Avoid Falls on the Ice This Winter

December 9, 2013

CHICAGO, Dec. 9, 2013 /PRNewswire/ — Winter is here, with its frigid temperatures, howling winds and snowy, icy conditions. The American College of Foot and Ankle Surgeons (ACFAS) reports falls on icy surfaces are a major cause of ankle sprains and fractures and offers these tips to keep you safe this winter season.

    1. Wear low-heeled boots or overshoes with good traction.  High-heeled boots
       may be in style, but for walking on snow and ice it's best to forego
       fashion in favor of safety.
    2. Watch for ice and snow--Holiday winter wonderlands can be beautiful but
       also dangerous - watch for ice or snow patches along your trail. The
       ankle joint can be more vulnerable to serious injury from falling on ice
       as it accelerates the fall and often causes more severe trauma since the
       foot can move in any direction after it slips.
    3. As soon as you get inside, remove your boots or dry them well. Snow and
       ice can remain on shoes, leading to falls indoors.
    4. Never assume the ability to walk means your ankle isn't broken or badly
       sprained. Putting weight on the injured joint can worsen the problem and
       lead to chronic instability, joint pain and arthritis later in life. It
       is also possible to have both a fractured and sprained ankle at the same
       time, and a bad sprain can mask a fracture. It's best to have an injured
       ankle evaluated as soon as possible by a foot and ankle surgeon for
       proper diagnosis and treatment.
    5. If you do experience a fall or injury, call a foot and ankle surgeon for
       prompt evaluation and treatment. Use R.I.C.E. therapy (Rest, Ice,
       Compression, and Elevation) to help reduce the pain and control swelling
       around the injury in the meantime.

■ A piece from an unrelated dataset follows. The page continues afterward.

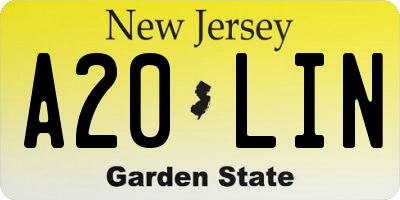 NJ license plate A20LIN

Falls happen quickly. On average less than two seconds elapse between the beginning and end of a fall, so be aware of what you can do to protect yourself in that time. If you fall on an icy spot and hurt your ankle, the best advice is to seek medical attention immediately to aid in early diagnosis and proper treatment and reduce the risk of further damage.

To learn more about foot and ankle health topics, visit the American College of Foot and Ankle Surgeon’s website, FootHealthFacts.org.

The American College of Foot and Ankle Surgeons is a professional society of over 7,000 foot and ankle surgeons. Founded in 1942, the College’s mission is to promote research and provide continuing education for the foot and ankle surgical specialty, and to educate the general public on foot health and conditions of the foot and ankle through its consumer website, FootHealthFacts.org.